In the event where 2nd order derivative is not computable, a "secant" method can be used where the 2nd order derivatives are approximated by the secants of 1st order derivates. I will not dive down this rabbit hole for the time being.

## Trust Region Methods

What if a skeptic comes along and say algorithms shouldn't place too much trust on first-order and second-order conditions? What if a large magnitude of gradient results in overstepping of the descent? (i.e. skipping over the local minima). Trust region methods are employed where the descent iterations are more restricted (preventing overstepping).
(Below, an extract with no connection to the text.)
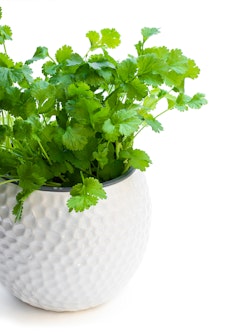 Cilantro growing in a white textured pot.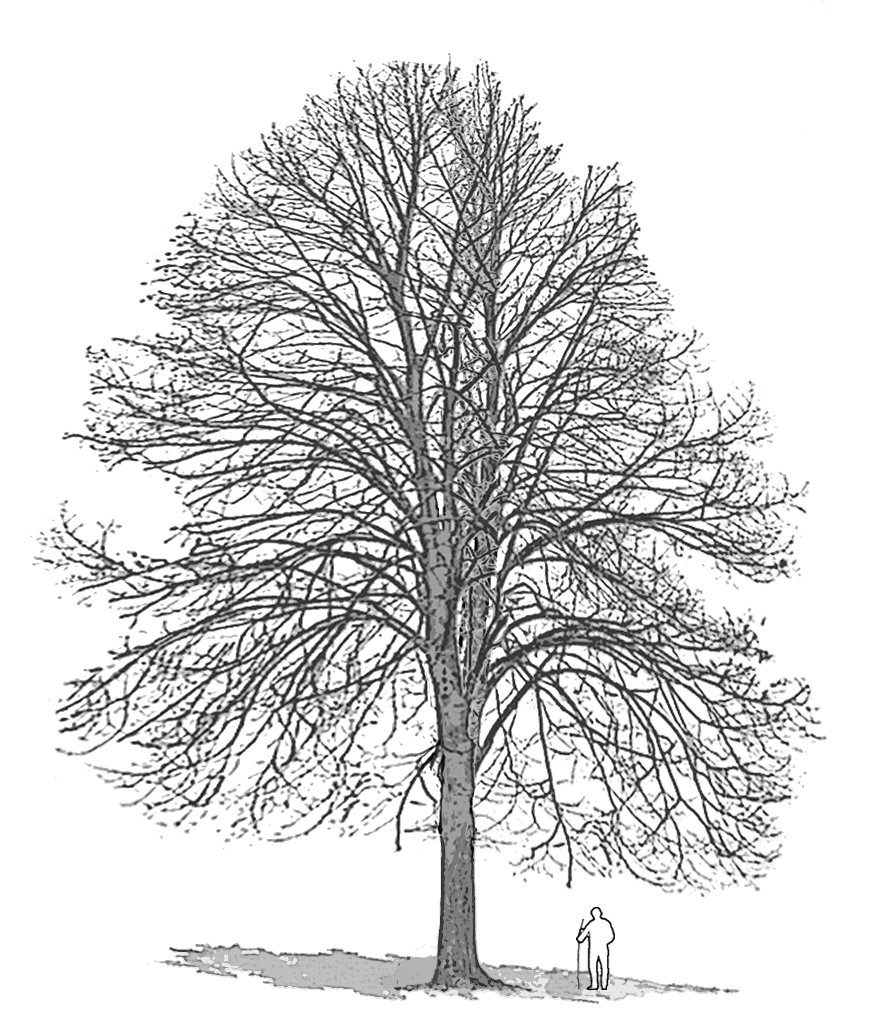 Tiglio in giardino come coltivarlo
It predicts both the movemnt associated with the step and also limits the step taken.

Trust region methods choose to determine step size prior to determining step direction unlike line search methods. The name trust region comes from determining the next step by minimizing the objective function around an area of the current iteration. 

Trust region methods also examines on whether the resulting prediction increment is "good enough" to determine whether there should be an increase in radius to consider for next increment estimation.

Below is a sample of a trust region descent method.

In [25]:
def solve_trust_region_subproblem(objective_function, gradient_x, hessian_x, x, delta, lagrange_multiplier_init = 1):
    '''
    minimizes function m(p) = f(k) + f'(k)*p + 1/2*f''(k)*p^2
    such that norm(p) <= delta
    
    p will be the step length of the next step
    '''
    
    # p_prime = solved optimization problem
    
    x_prime = x + p_prime
    y_prime = obj_fn(x) + np.dot(gradient_x, p_prime) + 0.5*np.matmul(np.matmul(np.transpose(p_prime), hessian_x), p_prime) 
    
    return x_prime, y_prime

def trust_region_descent(objective_function, x, k_max, eta_1, eta_2, gamma_1, gamma_2, delta):
    '''
    eta_1 = threshhold and how much to shrink radius with bad prediction
    eta_2 = threshhold and how much to increase  radius with good prediction
    delta = initial region radius
    '''
    
    y = objective_function(x)
    g = np.array(grad(objective_function)(x))
    h = np.array(hessian(objective_function)(x))
    
    for k in range(0, k_max):
        x_prime, y_prime = solve_trust_region_subproblem(objective_function, g, h, x, delta)
        
        print(x_prime, y_prime)
        trust_region_radius_ratio = (y - objective_function(x_prime))/(y - y_prime)
        
        if trust_region_radius_ratio < eta_1:
            delta = gamma_1*delta # shrinks next radius of region if actual drop is worse than expected
        else:
            x = x_prime # updates x if actual drop is better than expected
            
            y = objective_function(x)
            g = np.array(grad(objective_function)(x))
            h = np.array(hessian(objective_function)(x))
            
            if trust_region_radius_ratio > eta_2:
                delta = gamma_2*delta # increase next radius of region if actual drop is better than expected
    
    return x


Note that the subproblem in trust region is a constrained optimization problem with inequality constraints. Therefore, the code is only used to illustrate the intuition of the algorithm.